For the last year, ChatGPT has been able to analyse images as well as text as a feature of its latest version - GPT-4V(ision).
For instance, if you upload a photograph of the contents of your fridge, ChatGPT can describe what's in the photo and then recommend potential meal ideas based on those ingredients, along with suitable recipes. Or you can photograph a hand-drawn sketch of how you'd like your new website to look and ChatGPT will take that image and provide you with the HTML code to make the site.
You can also upload a still frame from part way through a film. ChatGPT can identify the film and summarise the plot up to that point only. The list of applications is virtually endless.
As a researcher interested in face perception, I'm particularly curious about how ChatGPT handles face images - matching two different images of the same person, for example. But how can we judge just how good the chatbot is at recognising faces? To explore how well people perform with faces, psychologists have come up with numerous tests that assess different abilities, so I decided to try ChatGPT on some of these.
First, I tried it on the "reading the mind in the eyes" test. In this task, only the eye regions of photographs are presented, along with four descriptive words as options regarding what the person in the picture is thinking or feeling (with one of these being the correct answer).
The test, which you can try for yourself, is considered a measure of "theory of mind". This refers to someone's ability to interpret another person's behaviour based on their mental state. People typically score around 26-31 out of a possible 36. ChatGPT answered 29 questions correctly, slightly more than in a recent study where other researchers gave it the same test.
Going beyond facial expressions, I next tested ChatGPT on a task called the "Glasgow face matching test", in which participants are presented with 40 pairs of face images. Half of the pairs comprise two photos showing the same person, taken using different cameras. For the other half, the two photos show two different but similar-looking people.
When asked to decide if the images show the same person or not, the average score for participants is 81.3%. When I subjected ChatGPT to the test, it scored 92.5%.
Finally, I wanted to consider face recognition. To avoid uses that infringe on people's privacy, ChatGPT has been designed to refuse when asked to identify people in images. However, when pressed for its best "guess", it was willing to provide answers when I presented it with what's known as the "famous faces doppelgangers test".
A pair of faces is shown on each of 40 trials, along with a celebrity's name, and participants are asked to identify which face is that particular celebrity (left or right). They're also asked if they know the celebrity or not.
The task is made difficult because the other face is very similar in appearance to the celebrity - in other words, a doppelganger. People generally score around 81.5% for those trials where the celebrity is known to the person. (If they don't know who the celebrity is, their choice would simply be a guess.)
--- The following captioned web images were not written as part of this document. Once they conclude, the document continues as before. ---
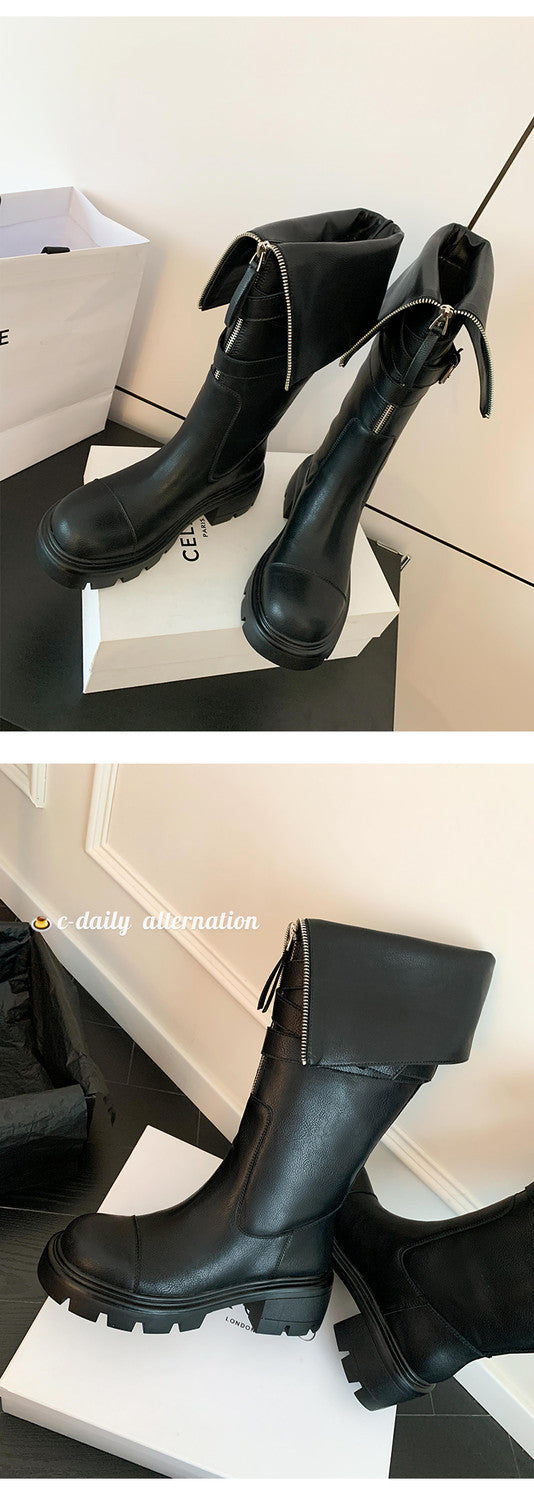 Karin Luna In Stock In-stock Foldable Niche Thick-soled Knight Boots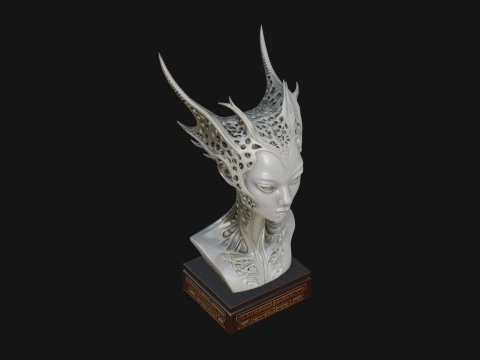 Biomechanical Alien Bust Statue Design 7 - 3D Print Model 3D Print Model
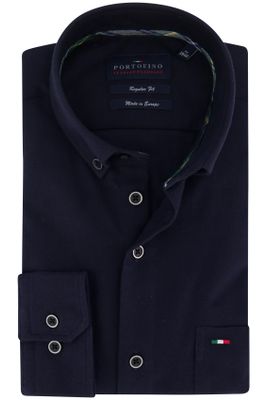 Portofino Portofino overhemd donkerblauw effen katoen normale fit met logo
Impressively, ChatGPT scored 100% correct across all of the trials for this test.
Putting it all together
On the basis of my experience, ChatGPT seems well-equipped to perform tasks related to the recognition and identification of human faces - including their expressions. It performed as well as or even better than people do for these three tests, at least.
Of course, these were my initial explorations rather than a peer-reviewed study, so more work is needed to firmly establish its abilities. But it does suggest that ChatGPT can handle face images.
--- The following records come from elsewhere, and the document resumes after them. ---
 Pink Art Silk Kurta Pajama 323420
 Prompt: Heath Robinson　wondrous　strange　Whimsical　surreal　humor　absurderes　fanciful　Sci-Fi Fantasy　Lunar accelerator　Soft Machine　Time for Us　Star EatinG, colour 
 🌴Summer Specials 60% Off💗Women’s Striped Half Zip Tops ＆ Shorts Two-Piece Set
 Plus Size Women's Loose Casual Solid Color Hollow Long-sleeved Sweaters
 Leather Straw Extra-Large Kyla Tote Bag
ChatGPT is based on a type of artificial intelligence (AI) program called a large language model (LLM), which means that it has been trained on an extensive amount of text (and now image) data. This allows it to learn the structure and patterns that exist within the data, and subsequently generate sensible responses to almost any question or request by the user.
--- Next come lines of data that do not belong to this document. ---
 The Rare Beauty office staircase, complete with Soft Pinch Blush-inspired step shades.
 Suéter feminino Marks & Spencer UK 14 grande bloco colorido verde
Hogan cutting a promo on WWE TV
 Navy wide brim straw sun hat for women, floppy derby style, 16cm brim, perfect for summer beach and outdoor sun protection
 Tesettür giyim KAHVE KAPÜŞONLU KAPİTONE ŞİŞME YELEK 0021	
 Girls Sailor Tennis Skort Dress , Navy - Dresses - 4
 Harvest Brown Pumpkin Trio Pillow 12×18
ChatGPT says that face images were also a significant part of its training data, although it doesn't store and recall specific images. Instead, it appears to rely on the general patterns and associations it has learned during its training. Other sources seem to confirm this.
Presumably, through exposure to numerous face images alongside text that included the word "suspicious", for example, it was able to develop a representation of that facial expression which was distinct from other expressions like "sarcastic".
Similarly, refining its representation of a celebrity's face through multiple exposures meant that it could subsequently differentiate them from other, similar-looking faces. However, again, this is admittedly informed speculation on my part.
Based on my results and other demonstrations of this latest version of the chatbot, it seems likely that ChatGPT's already remarkable performance across a wide variety of tasks will continue to improve with each new version released.